Data section:
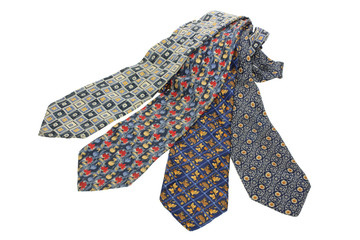Neckties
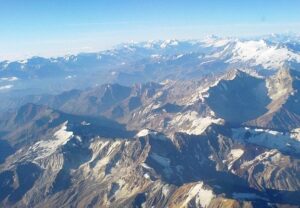 Bodies of 3 Argentine climbers missing in Chilean Andes found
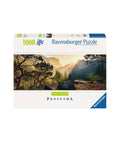  Power of Nature, Yosemite Park 1000-piece puzzle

Task requirements: Without any pictures, restate word for word only the lines from the one with "Bodies of 3" through the end of the listing.

Response area:
 Bodies of 3 Argentine climbers missing in Chilean Andes found
  Power of Nature, Yosemite Park 1000-piece puzzle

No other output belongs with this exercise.